I have never trusted birds — they just mock us with their ability to swoop down on our heads.  But years ago something happened that changed my mind.

The Boy was young, and the wife had just switched from a decade of teaching smart-ass 6th graders to 1st graders — those adorable little snots still love their teachers.  Being with me for 7 years, she needed a few years of  “love.”

Early that school year, one little shit brought in something just fallen out of the nest.  In a moment of weakness, she agreed “to save it.”

Have you ever seen a baby pigeon?  I guaran-fucking-tee you have not.

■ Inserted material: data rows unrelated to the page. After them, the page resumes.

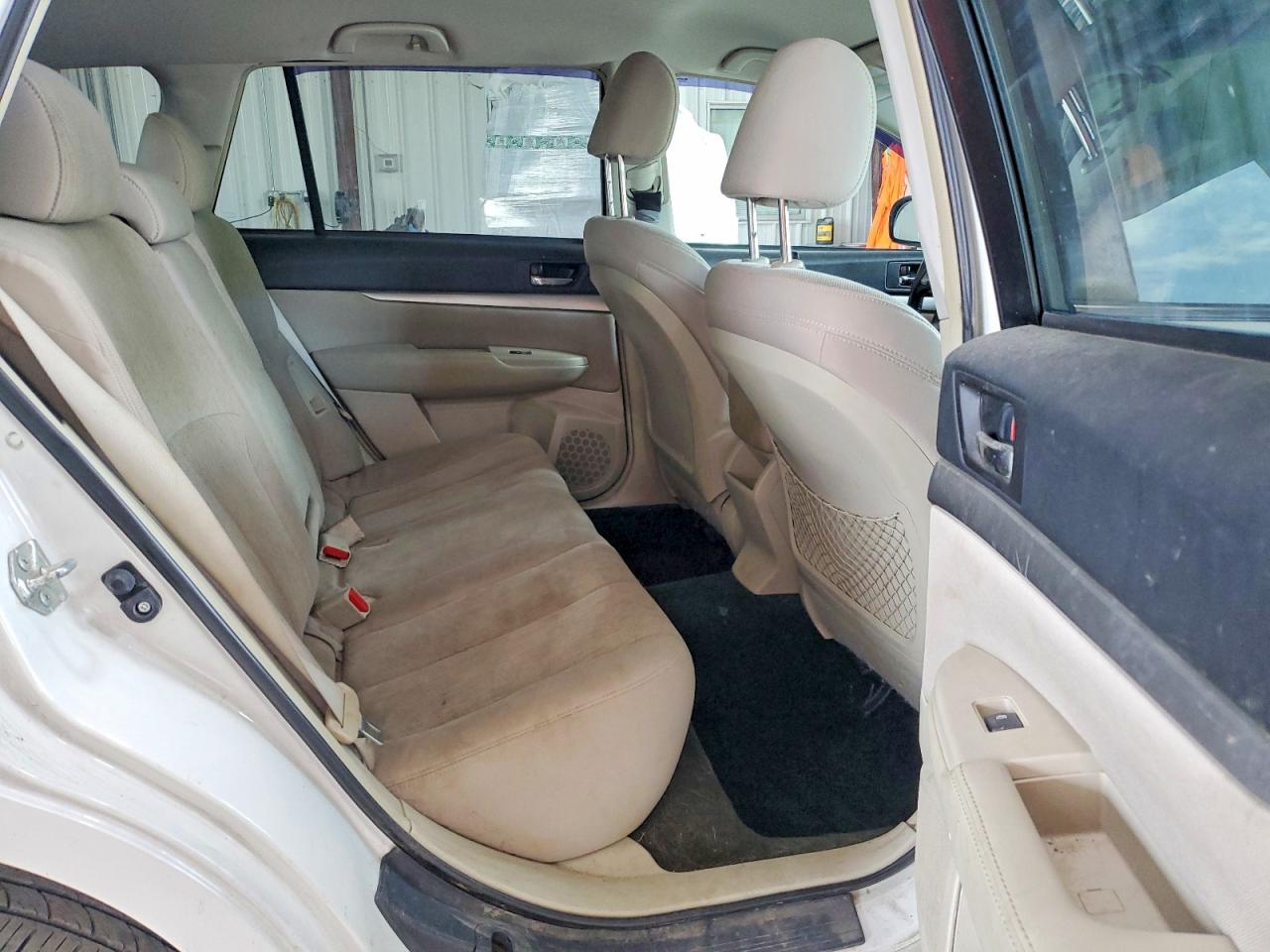 2014 Subaru Outback 2.5i Premium White vin: 4S4BRBCC9E3213045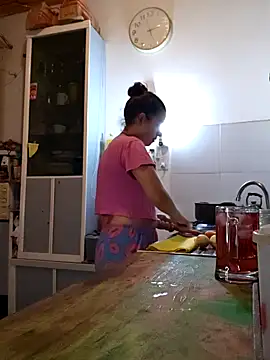 Snapshot of solangeyaelok1 chatting on February 1, 12:18 am solangeyaelok1 online show from February 1, 12:18 am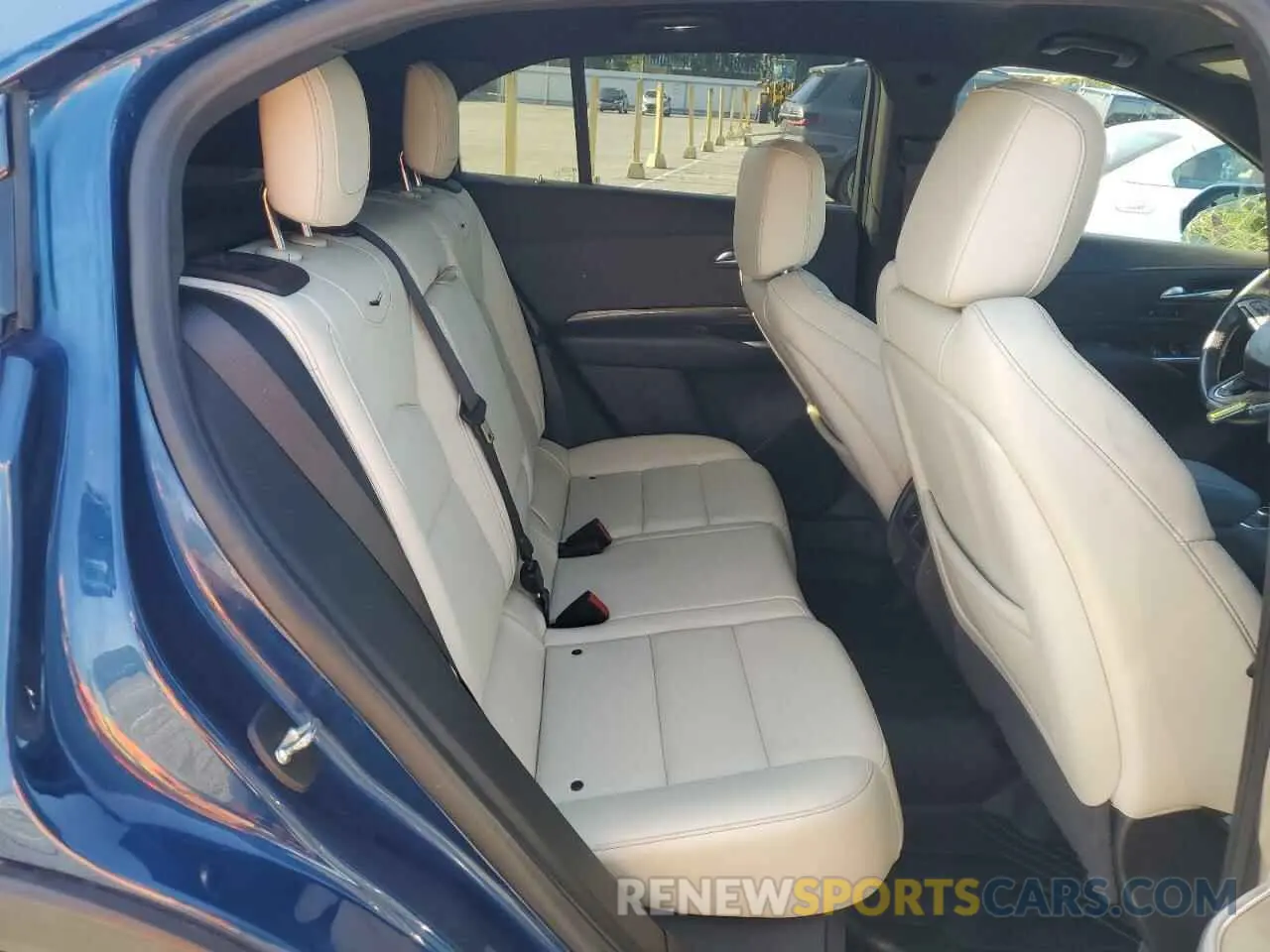 11 Фотография поврежденного автомобиля 1GYFZER44KF158466 CADILLAC XT4 2019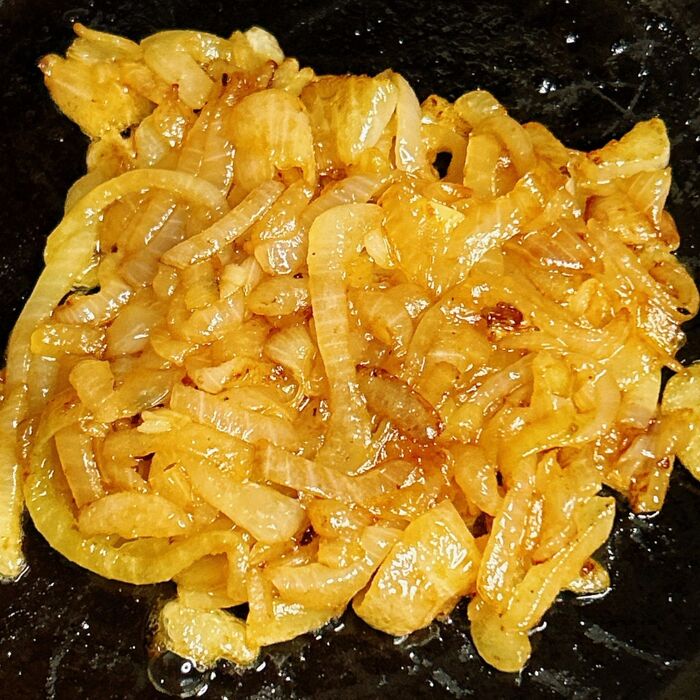 2.玉ねぎをきつね色に炒めます。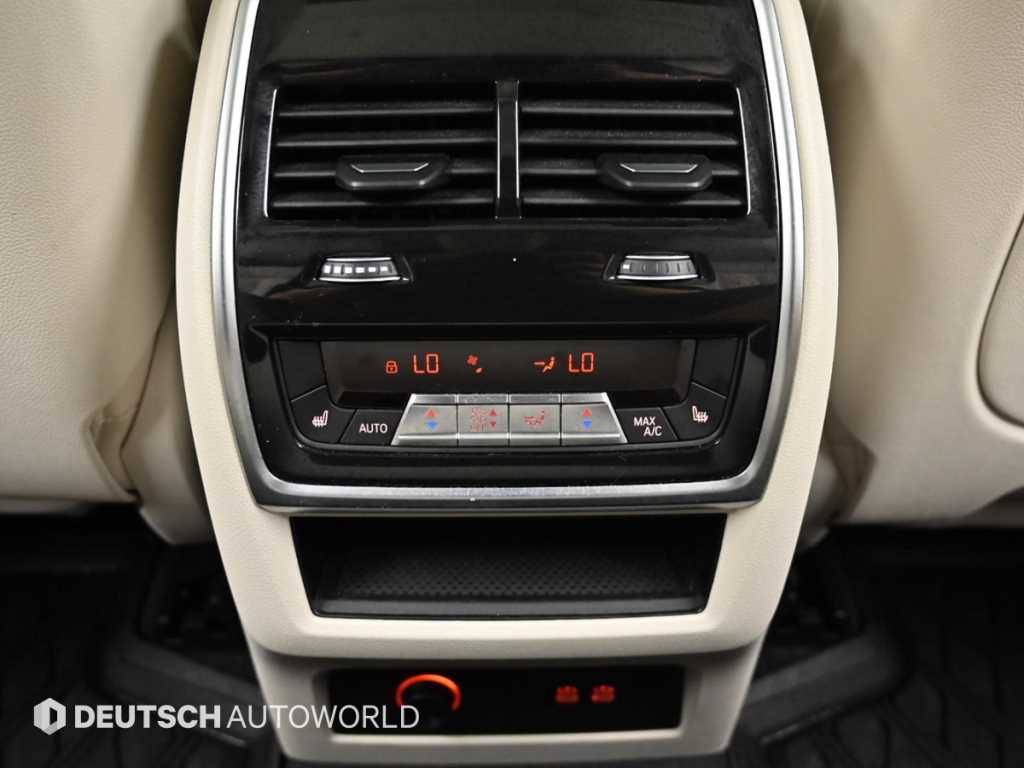 BMW X5 — photo 16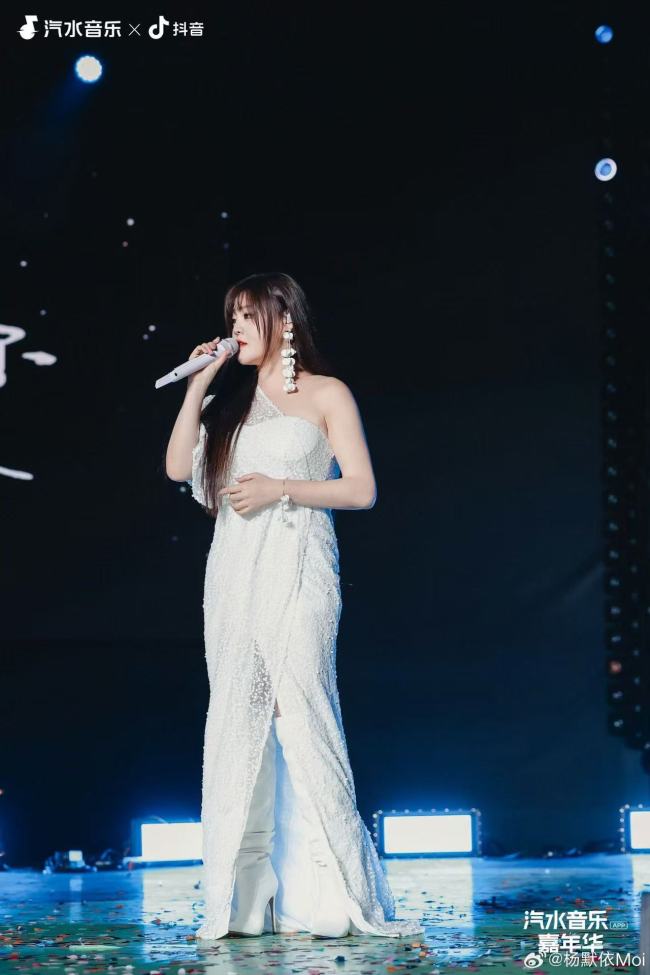 楊默依生日首發新歌《花燭夜》 深情詮釋“愛與別離”的情緒美學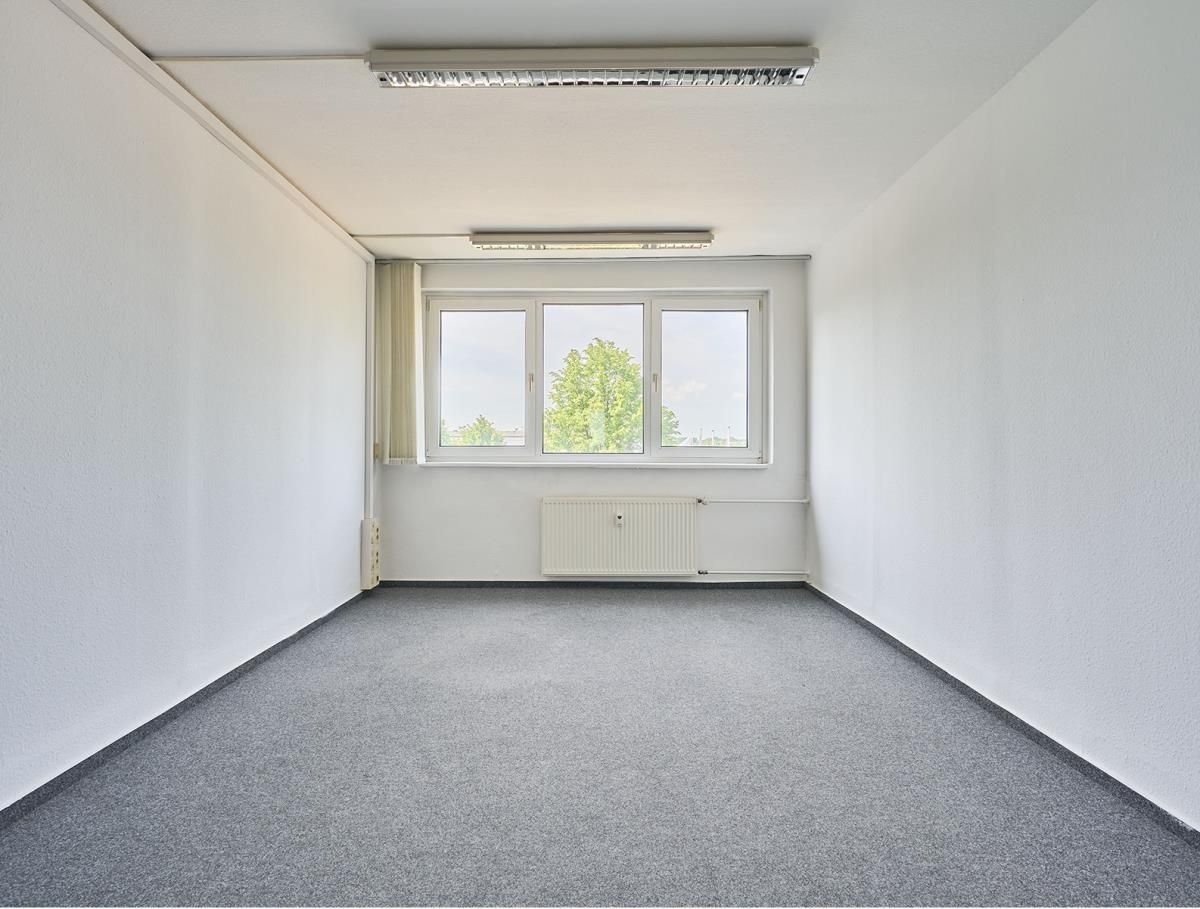 Bürofläche zur Miete 9,99 € 13,8 m²<br/>Bürofläche ab 13,8 m²<br/>Teilbarkeit Am Trippelsberg 92 Holthausen Düsseldorf 40589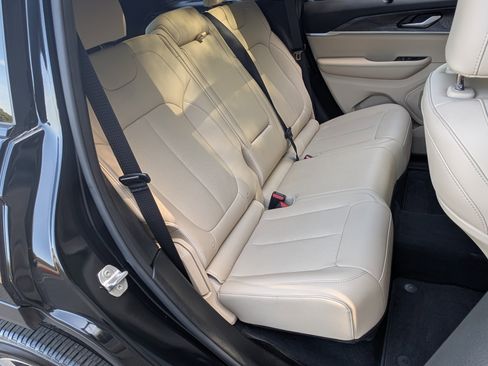 Used 2025 Jeep Grand Cherokee Limited w/ Luxury Tech Group II image 20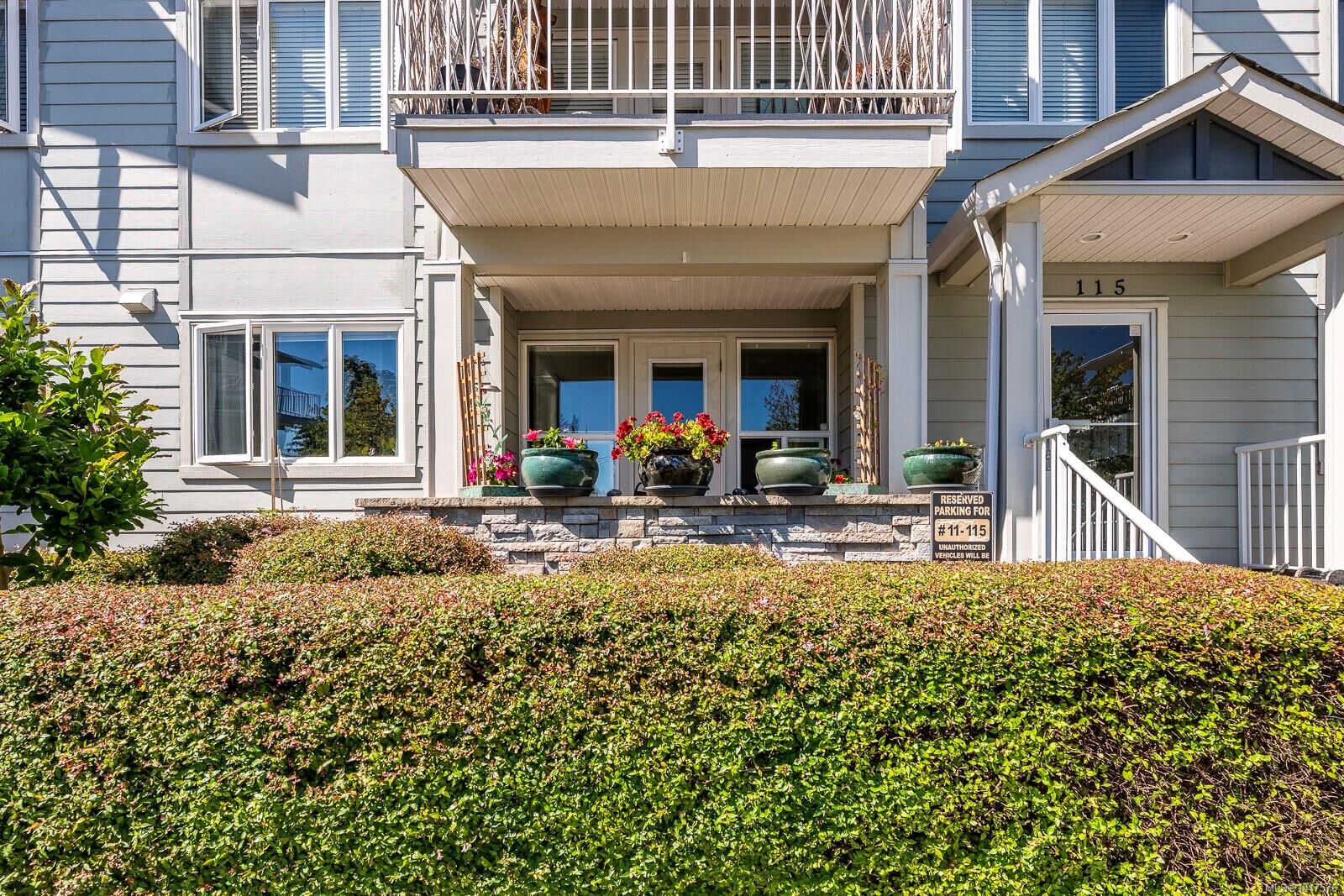 Property Photo: 115 20th St #11 BC V9N 8B1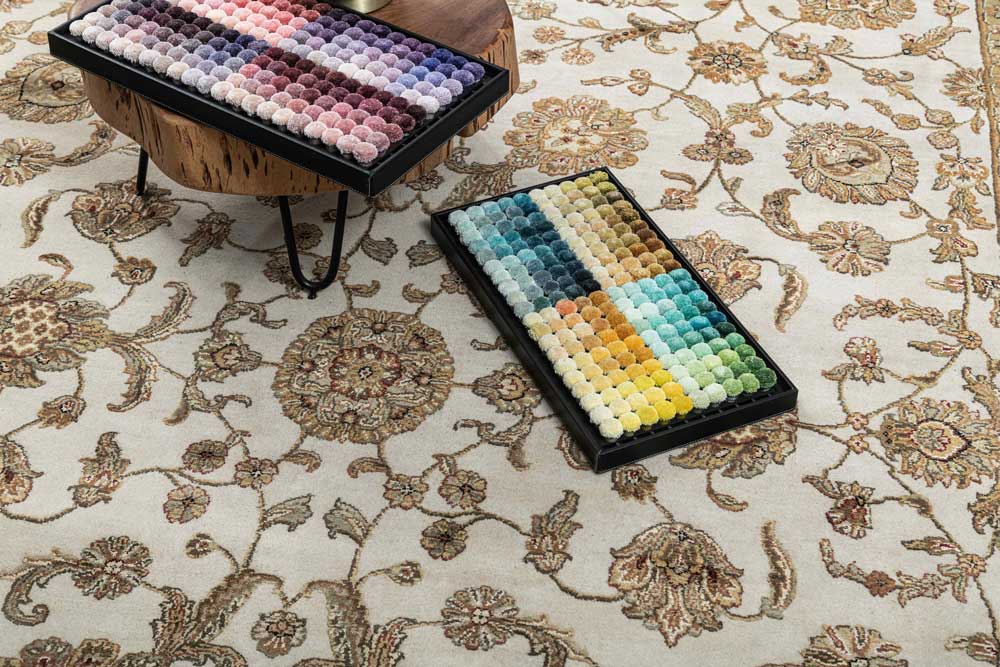 Luxury - Basis Ivory Sand Wool & Silk Hand Knotted Premium Carpet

It was all lean with crepe-like skin — a miniature crypt-keeper.  Parts are covered in  “pin feathers” that are molted and sticking out unevenly —  more like hair on a tarantula than feathers.

When it cried out for food it sounded like the undead calling out for brains. When it stood on its knobby legs and clawed feet, the first reaction was to step back in horror.

“What the fuck is that?”

baby-pigeon

The second impulse was to go find a baseball bat.  Best to see if you can hit a screaming line drive over the backyard fence and erase that vision from your memory forever.  Then throw that bat out, so you don’t have to deal with cleaning off whatever remnants may have worked their way into the wood.

Our Golden Retriever,  forced by the instinct of hundreds of years of breeding to find wounded birds and gently cradle them in its mouth, was afraid of this fucking 2 ounces of tangled evil and shriveled skin.  That dog fled the room and hid under the bed.

Then came the bad news.

We needed to buy a crate to keep it in.   And we needed to feed it by hand (using a syringe to force this goop that had the consistency, color and smell of Taco Bell diarrhea down its gullet).

We seriously talked about just stepping on it — ending this nightmare with one small step for man.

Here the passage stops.